## Task prompt
Each line in the data must be reproduced as written, except for any picture.

## Data extract
▼▼▼
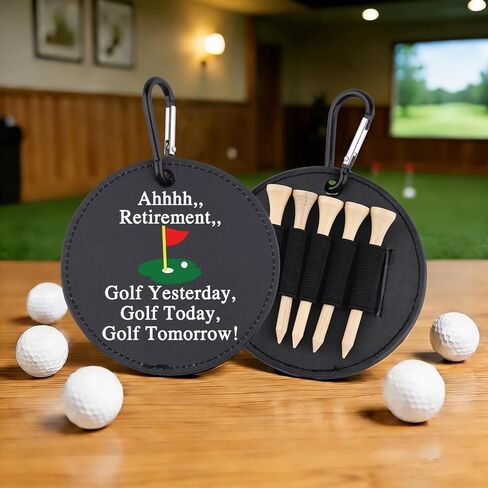 Ahhhh Retirement Leather Golf Tees Holder Funny Golf Tee Tag Retirement Gift for Mom Dad Grandpa in Saudi Arabia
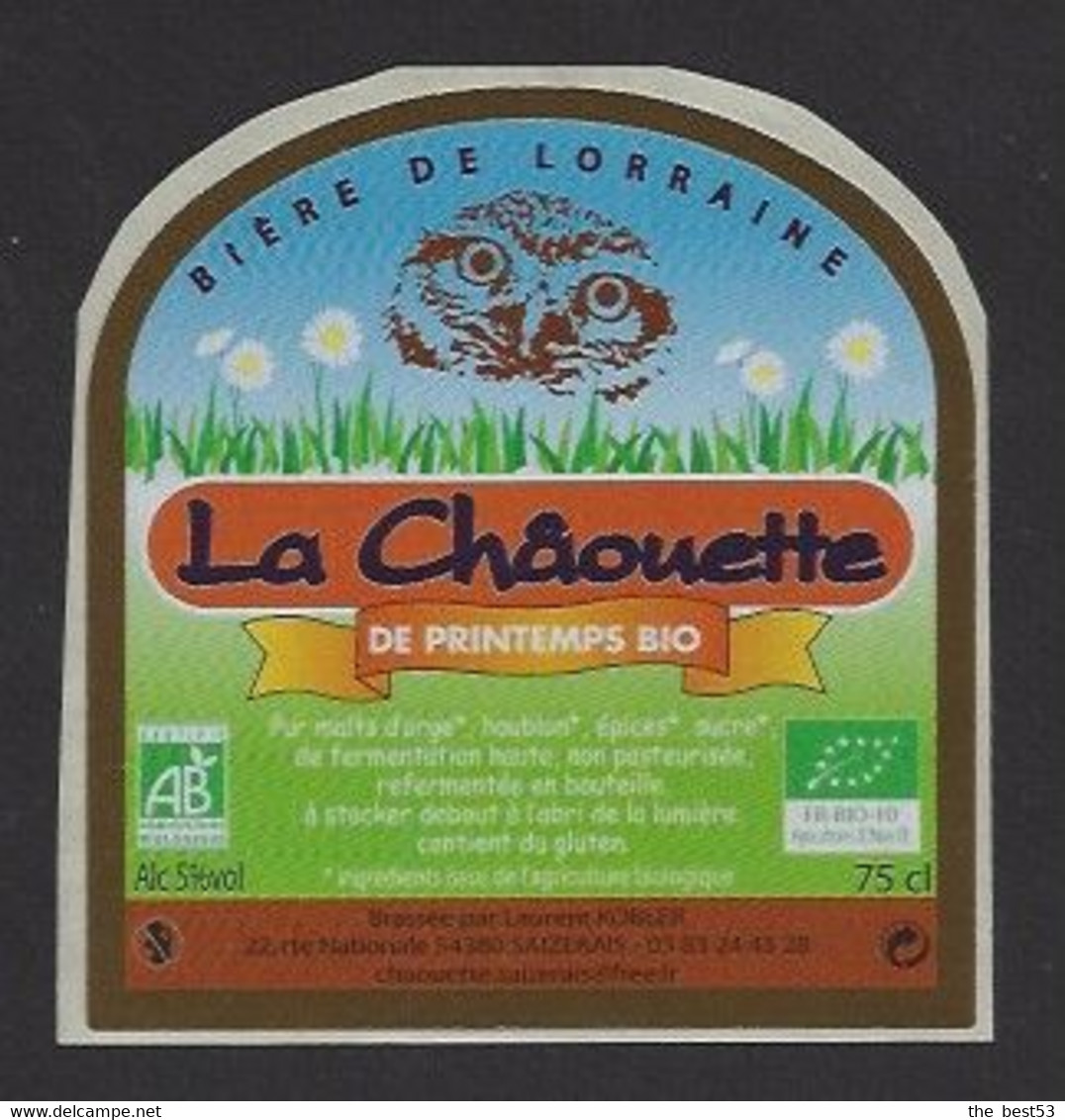 Etiquette De Bière De Printemps Bio   -  La Châouette  -  Brasserie Laurent Kobler  à Saizerais  (54) - Beer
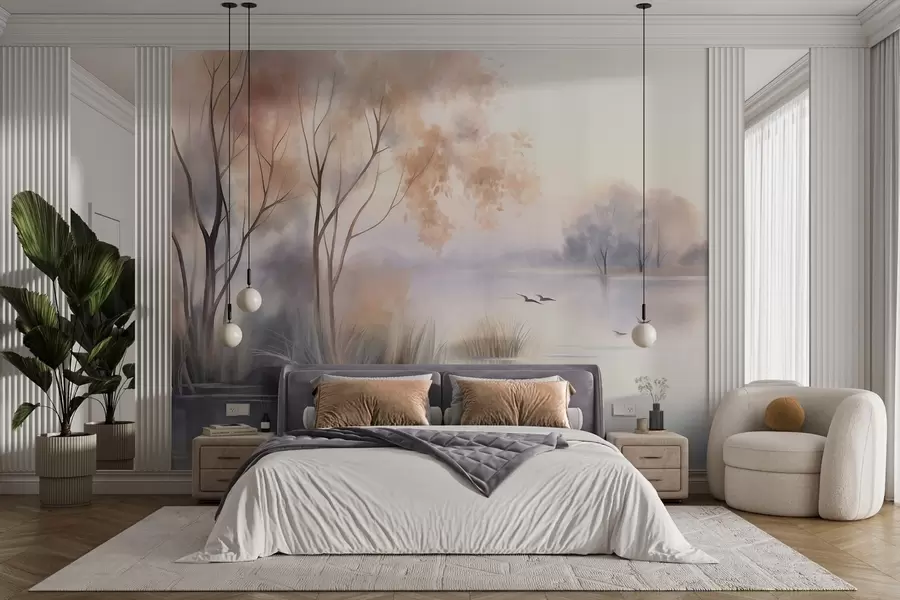 murales Paisaje: un lago envuelto en niebla con árboles y juncos, pájaros volando, estilo de pintura en acuarela con textura w09866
▲▲▲
## Solution to the exercise
 Ahhhh Retirement Leather Golf Tees Holder Funny Golf Tee Tag Retirement Gift for Mom Dad Grandpa in Saudi Arabia
 Etiquette De Bière De Printemps Bio   -  La Châouette  -  Brasserie Laurent Kobler  à Saizerais  (54) - Beer
 murales Paisaje: un lago envuelto en niebla con árboles y juncos, pájaros volando, estilo de pintura en acuarela con textura w09866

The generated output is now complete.